ホホバオイルは油焼けしにくい美容オイルです。

皮脂や角質が詰まって起きる毛穴の黒ずみは、顔全体を暗く見せるため、くすみの原因になります。ホホバオイルの主成分であるワックスエステルは、人の皮脂にも約20%含まれているため肌なじみがよく、浸透力も高いのが特徴。

加えてワックスエステルには、角質を柔らかくし汚れを浮かせる効果があるため、毛穴に詰まった皮脂や角質汚れを効率よく落とすことができます。ホホバオイルは、毛穴の黒ずみ改善に最適な美容オイルなのです。

ちなみにワックスエステルはオイルと分子構造が異なるため、蝋に分類されます。また主成分は高級脂肪酸という飽和脂肪酸なので酸化しにくく、油焼けの心配もほとんどありません。

それを裏づけるように、ホホバオイルには、70度以上の高温で4日間加熱しても品質に変化が見られなかったという実験報告があります。

ホホバオイルは、あらゆる美容オイルの中でも、特に油焼けしにくいと言えるでしょう。

美容オイルは正しく使えばくすみ改善に効果あり

美容オイルは正しく使えばくすみ改善に効果あり

美容オイルは美容効果が高い一方で、油焼けを起こして肌のくすみを引き起こすことがあります。

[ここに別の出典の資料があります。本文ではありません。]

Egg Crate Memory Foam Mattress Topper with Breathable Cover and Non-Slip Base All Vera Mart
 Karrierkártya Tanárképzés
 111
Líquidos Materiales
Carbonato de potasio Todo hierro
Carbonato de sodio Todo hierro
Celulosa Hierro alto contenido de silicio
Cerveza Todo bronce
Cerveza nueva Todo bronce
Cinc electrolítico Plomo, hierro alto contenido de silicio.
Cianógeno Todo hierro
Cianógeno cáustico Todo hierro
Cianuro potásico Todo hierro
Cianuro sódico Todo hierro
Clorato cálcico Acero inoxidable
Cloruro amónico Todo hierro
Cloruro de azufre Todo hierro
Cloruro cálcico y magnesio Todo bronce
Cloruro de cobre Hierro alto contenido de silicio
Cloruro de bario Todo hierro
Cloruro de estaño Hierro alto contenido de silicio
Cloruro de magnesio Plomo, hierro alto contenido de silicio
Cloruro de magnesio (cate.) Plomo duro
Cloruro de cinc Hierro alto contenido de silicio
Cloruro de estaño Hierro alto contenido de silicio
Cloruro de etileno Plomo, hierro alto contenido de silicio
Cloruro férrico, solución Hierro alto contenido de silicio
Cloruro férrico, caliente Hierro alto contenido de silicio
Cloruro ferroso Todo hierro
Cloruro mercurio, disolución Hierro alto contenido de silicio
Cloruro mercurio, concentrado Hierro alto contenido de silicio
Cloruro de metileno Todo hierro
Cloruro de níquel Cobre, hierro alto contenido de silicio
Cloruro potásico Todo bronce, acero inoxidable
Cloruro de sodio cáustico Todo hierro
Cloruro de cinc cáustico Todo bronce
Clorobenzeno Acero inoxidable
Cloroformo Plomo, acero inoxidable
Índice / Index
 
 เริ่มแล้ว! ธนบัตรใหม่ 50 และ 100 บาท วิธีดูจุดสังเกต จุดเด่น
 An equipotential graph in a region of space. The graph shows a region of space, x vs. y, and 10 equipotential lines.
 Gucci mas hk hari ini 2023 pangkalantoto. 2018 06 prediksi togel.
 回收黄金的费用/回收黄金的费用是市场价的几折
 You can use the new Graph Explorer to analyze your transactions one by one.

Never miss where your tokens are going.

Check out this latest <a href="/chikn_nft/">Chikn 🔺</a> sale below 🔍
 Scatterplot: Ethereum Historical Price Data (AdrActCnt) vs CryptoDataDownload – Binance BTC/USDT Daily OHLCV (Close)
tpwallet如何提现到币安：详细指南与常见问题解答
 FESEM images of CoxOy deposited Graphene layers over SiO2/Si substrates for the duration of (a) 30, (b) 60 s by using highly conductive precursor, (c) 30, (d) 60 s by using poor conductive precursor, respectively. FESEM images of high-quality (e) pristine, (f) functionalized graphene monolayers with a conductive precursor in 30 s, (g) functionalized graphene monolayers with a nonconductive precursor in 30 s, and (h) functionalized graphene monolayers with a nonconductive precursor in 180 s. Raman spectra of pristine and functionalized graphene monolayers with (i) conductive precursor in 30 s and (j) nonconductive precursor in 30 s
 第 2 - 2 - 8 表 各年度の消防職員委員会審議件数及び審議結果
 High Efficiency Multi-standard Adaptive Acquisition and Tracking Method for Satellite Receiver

しかし朝の使用は控えるなど正しい使い方を心がけ、酸化しにくい種類を選べば、油焼けの心配もなく安心して使うことができます。

またくすみの原因は、油焼け以外にも様々。美容オイルはその高い美容効果で、肌の乾燥や毛穴の黒ずみが原因のくすみに効果を発揮します。

美容オイルをうまく活用すれば、くすみのない美しい肌を手に入れることができるのです。